- **Directions for this task**:
Nothing but the lines from the top of the following entries through the line with "Piaget Emperador 18" should be printed, exactly as they are.

[Scraped caption text data]
[Start of Attachment]
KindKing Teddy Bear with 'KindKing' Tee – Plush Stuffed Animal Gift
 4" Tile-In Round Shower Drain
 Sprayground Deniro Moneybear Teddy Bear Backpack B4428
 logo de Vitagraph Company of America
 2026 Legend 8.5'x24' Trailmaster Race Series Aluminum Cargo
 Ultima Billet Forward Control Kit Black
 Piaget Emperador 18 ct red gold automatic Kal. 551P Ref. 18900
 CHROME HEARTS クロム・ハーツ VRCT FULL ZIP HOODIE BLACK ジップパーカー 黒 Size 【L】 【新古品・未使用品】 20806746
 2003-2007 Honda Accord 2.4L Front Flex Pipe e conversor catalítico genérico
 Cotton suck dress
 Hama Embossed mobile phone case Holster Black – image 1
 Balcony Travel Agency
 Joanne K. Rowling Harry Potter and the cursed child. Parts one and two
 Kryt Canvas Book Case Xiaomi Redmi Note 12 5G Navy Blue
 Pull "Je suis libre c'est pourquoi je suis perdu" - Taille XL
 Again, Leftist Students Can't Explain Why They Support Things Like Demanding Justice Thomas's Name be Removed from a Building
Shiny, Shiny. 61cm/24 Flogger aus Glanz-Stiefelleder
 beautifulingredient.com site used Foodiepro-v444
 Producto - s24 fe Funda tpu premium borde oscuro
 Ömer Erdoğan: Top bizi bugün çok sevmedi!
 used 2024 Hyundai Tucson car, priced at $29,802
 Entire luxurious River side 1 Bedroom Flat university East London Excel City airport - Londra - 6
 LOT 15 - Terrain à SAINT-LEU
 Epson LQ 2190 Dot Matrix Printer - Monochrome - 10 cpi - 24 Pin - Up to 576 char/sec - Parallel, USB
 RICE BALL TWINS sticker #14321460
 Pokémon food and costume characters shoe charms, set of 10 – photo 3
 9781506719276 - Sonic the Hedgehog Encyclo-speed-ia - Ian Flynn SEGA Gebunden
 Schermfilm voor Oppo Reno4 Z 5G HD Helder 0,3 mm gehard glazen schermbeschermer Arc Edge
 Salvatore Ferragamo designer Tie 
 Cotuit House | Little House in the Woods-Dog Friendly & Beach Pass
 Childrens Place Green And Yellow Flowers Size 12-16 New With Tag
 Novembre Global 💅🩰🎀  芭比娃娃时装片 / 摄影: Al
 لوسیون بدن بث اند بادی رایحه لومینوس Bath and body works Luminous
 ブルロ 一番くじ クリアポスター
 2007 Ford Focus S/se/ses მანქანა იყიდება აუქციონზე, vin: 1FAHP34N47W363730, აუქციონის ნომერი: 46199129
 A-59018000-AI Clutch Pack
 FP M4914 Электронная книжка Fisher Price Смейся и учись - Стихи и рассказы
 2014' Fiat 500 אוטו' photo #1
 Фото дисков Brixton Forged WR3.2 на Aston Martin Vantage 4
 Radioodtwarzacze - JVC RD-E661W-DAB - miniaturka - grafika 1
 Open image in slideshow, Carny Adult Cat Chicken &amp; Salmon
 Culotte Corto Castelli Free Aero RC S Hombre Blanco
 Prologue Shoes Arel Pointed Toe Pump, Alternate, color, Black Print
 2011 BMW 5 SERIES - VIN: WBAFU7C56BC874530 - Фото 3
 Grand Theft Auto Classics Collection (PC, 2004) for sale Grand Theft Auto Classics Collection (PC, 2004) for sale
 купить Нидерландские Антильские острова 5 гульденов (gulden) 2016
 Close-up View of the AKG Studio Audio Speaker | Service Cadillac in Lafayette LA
[End of Attachment]
- **Expected answer**:
KindKing Teddy Bear with 'KindKing' Tee – Plush Stuffed Animal Gift
 4" Tile-In Round Shower Drain
 Sprayground Deniro Moneybear Teddy Bear Backpack B4428
 logo de Vitagraph Company of America
 2026 Legend 8.5'x24' Trailmaster Race Series Aluminum Cargo
 Ultima Billet Forward Control Kit Black
 Piaget Emperador 18 ct red gold automatic Kal. 551P Ref. 18900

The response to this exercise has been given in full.